Boryana Katsarova August 18, 2014Posted by Geoffrey Hiller in Ukraine.
Lenin Square, Simferopol, Crimea 2014
Boryana Katsarova (b. 1981, Bulgaria) studied photography between 1998 and 2003 and holds a Bachelors Degree from the Bulgarian National Academy for Theater and Cinema Art /NATFA/. She worked as a photographer for Agence France-Press in Bulgaria between 2007 and 2010, during which time her work appeared in major print magazines and newspapers around the world. In 2010 she decided to became a freelance photographer specializing in documentary, editorial and portrait photography and since 2011 has been represented the Cosmos Photo Agency in Paris. This image is part of a project : Ukraine: Crimea Under Siege that was funded by the Pulitzer Center on Crisis Reporting.
About the Photograph:
“The people in the photograph were attending one of the many pro-Russian rallies which were held in Simferopol and across the entire Crimean peninsula in support of the unification of Crimea with Russia ahead of the unique and internationally unrecognized Crimean Referendum that was held on March 16, 2014. Russian President Vladimir Putin officially recognized the ‘reunification’ of breakaway Ukrainian region of Crimea with Russia on March 18, 2014.”

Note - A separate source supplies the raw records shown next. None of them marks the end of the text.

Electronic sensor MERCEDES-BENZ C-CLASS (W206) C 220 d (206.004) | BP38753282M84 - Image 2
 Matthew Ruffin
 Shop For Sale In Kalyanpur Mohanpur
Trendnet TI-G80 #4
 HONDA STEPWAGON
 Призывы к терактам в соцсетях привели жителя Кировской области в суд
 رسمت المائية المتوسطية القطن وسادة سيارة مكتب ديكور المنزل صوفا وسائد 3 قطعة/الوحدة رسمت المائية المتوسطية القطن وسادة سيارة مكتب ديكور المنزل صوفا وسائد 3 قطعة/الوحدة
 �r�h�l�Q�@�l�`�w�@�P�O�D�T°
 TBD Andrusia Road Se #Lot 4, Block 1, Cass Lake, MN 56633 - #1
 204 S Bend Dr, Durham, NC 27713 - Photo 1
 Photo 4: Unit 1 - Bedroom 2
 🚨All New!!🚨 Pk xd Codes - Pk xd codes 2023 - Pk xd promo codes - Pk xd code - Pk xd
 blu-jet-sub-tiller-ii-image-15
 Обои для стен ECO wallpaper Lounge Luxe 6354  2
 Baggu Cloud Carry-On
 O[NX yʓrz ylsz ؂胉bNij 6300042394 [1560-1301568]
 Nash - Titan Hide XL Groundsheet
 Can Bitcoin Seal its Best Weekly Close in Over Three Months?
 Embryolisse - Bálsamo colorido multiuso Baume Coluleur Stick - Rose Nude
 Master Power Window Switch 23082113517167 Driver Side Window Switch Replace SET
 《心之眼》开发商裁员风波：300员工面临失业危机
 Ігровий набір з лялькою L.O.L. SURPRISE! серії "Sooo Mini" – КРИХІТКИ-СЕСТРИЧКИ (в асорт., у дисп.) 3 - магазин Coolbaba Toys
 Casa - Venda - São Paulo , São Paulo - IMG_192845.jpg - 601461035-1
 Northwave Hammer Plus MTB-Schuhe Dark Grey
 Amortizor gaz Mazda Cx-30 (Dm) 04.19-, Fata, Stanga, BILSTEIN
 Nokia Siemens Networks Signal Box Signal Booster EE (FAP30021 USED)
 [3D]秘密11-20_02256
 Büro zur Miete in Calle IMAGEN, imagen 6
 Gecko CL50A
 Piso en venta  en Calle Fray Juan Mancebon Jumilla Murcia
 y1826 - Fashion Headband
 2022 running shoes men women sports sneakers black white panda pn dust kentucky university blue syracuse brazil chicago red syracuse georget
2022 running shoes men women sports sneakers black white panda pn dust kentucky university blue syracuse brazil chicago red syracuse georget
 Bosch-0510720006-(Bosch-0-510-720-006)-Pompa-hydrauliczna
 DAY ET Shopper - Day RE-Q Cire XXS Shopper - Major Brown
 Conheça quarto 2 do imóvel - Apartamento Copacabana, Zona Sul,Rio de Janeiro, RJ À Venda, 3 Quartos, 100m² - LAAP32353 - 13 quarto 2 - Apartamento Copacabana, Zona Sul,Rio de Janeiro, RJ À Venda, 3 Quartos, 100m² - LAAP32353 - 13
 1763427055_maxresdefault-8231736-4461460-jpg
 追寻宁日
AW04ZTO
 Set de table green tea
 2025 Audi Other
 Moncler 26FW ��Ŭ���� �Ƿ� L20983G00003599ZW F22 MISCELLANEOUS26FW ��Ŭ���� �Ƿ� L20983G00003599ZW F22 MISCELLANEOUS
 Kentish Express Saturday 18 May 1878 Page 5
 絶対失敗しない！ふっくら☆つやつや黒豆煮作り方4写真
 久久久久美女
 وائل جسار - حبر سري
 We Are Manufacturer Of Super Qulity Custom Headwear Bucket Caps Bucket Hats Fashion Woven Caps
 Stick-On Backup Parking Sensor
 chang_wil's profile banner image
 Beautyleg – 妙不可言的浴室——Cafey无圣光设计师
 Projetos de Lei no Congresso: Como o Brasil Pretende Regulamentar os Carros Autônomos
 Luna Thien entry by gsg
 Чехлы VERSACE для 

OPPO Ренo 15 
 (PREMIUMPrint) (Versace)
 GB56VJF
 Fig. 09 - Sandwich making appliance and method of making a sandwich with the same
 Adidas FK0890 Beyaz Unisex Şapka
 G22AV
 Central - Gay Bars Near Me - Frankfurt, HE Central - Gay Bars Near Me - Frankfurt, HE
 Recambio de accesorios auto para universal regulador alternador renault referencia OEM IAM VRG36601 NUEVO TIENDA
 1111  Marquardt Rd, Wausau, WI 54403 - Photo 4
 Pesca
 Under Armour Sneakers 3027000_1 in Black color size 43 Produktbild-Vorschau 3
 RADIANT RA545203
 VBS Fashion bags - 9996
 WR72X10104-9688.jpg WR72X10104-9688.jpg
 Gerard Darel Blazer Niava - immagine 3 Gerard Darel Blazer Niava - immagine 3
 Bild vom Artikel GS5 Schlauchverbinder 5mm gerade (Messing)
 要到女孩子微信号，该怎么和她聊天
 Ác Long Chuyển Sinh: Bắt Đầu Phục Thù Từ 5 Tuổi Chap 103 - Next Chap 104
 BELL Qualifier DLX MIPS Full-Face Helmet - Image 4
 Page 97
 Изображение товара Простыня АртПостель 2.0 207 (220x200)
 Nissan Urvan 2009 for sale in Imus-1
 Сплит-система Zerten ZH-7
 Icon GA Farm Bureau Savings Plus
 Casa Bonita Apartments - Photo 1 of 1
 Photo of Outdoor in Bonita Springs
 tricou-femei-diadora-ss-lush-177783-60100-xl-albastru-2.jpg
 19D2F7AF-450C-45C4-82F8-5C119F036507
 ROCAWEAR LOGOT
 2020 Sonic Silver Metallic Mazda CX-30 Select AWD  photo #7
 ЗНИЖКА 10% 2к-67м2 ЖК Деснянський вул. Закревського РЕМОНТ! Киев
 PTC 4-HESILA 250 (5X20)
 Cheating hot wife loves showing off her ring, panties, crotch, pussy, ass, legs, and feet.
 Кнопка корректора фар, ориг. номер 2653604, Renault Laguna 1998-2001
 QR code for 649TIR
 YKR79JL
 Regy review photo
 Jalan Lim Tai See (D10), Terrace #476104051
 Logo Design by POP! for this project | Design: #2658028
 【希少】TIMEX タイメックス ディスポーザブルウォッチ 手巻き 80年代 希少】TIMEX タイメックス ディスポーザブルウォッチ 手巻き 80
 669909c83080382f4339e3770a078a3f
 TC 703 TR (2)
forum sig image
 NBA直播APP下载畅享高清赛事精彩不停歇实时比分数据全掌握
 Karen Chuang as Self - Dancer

“It was really difficult to take this picture. Many people were against being photographed. It was the first time I was working in a crisis zone and the first time I have ever experienced anything like that. Just two days before, masked gunmen ran towards me and journalist Dimiter Kenarov and pushed him on the ground. They put a gun to his head demanding his smart phone he was taking pictures with. After that they ran to me and took my Nikon D3 camera. We left Ukraine three weeks after I took this picture.”
“Today, more than five months after the Crimean crisis, the unrest in eastern Ukraine is continuing and the climate for press freedom worsens everyday. Many local and international journalists covering the situation are being interrogated, targeted, their equipment seized, and the number of the ones being killed is growing. In my opinion, nowadays bearing witness as photojournalist, cameraman or reporter in crisis and war zones is a duty, that is much harder and much more responsible than ever before.”